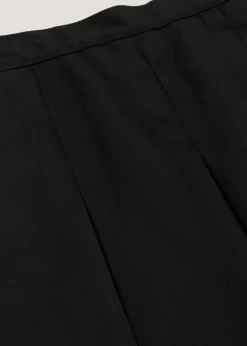 Girls 2 Pack Black Generous Fit Box Pleat School Skirt (6-16yrs)
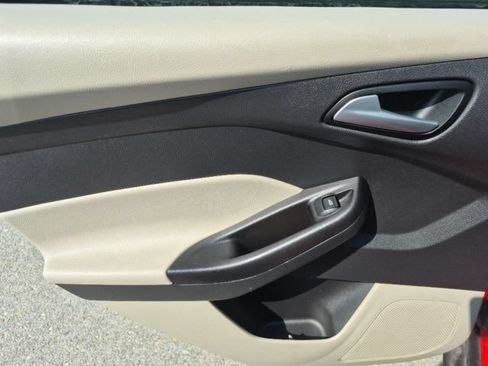 Used 2014 Ford Focus SE FWD image 12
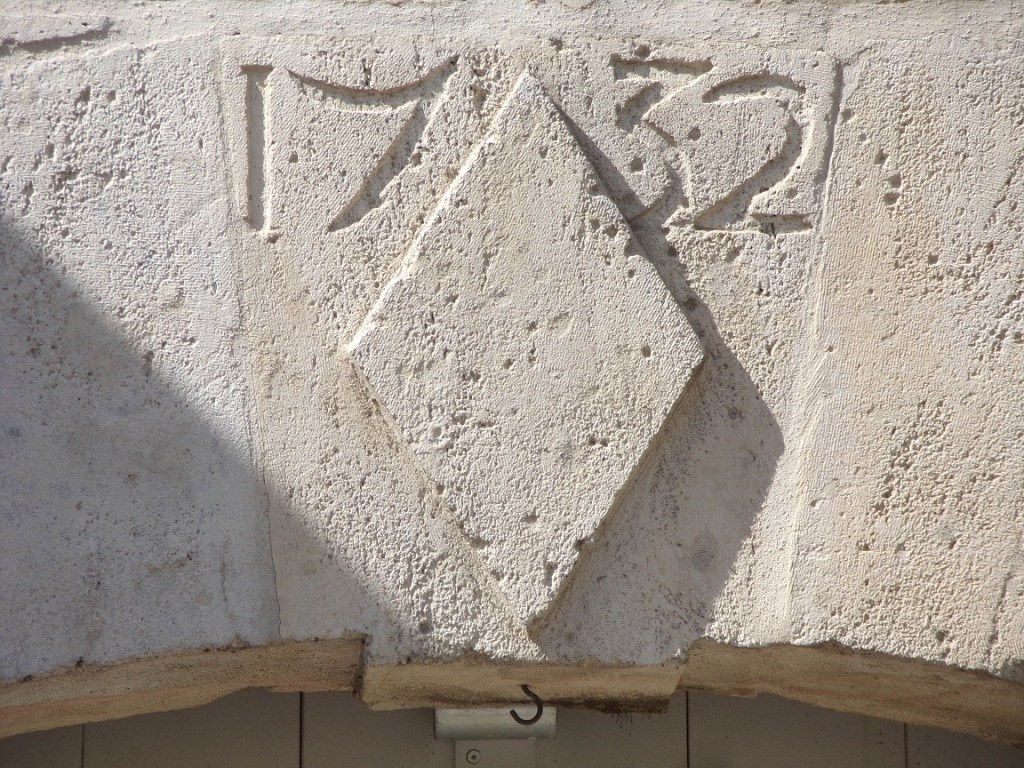 Segonzac – Porche daté '1732' (10 avril 2024)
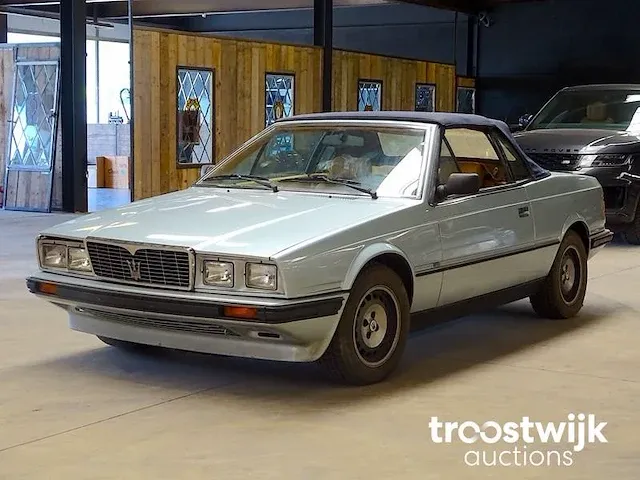 Maserati biturbo spyder (barn-find) - afbeelding 1 van  55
☆ ☆ ☆ ☆
▸ **What you should do**
All lines from the one containing "Used 2014 Ford Focus SE FWD image 12" through the end of the data are to be restated exactly, with nothing else and without the pictures.

▸ **Response area**
 Used 2014 Ford Focus SE FWD image 12
 Segonzac – Porche daté '1732' (10 avril 2024)
 Maserati biturbo spyder (barn-find) - afbeelding 1 van  55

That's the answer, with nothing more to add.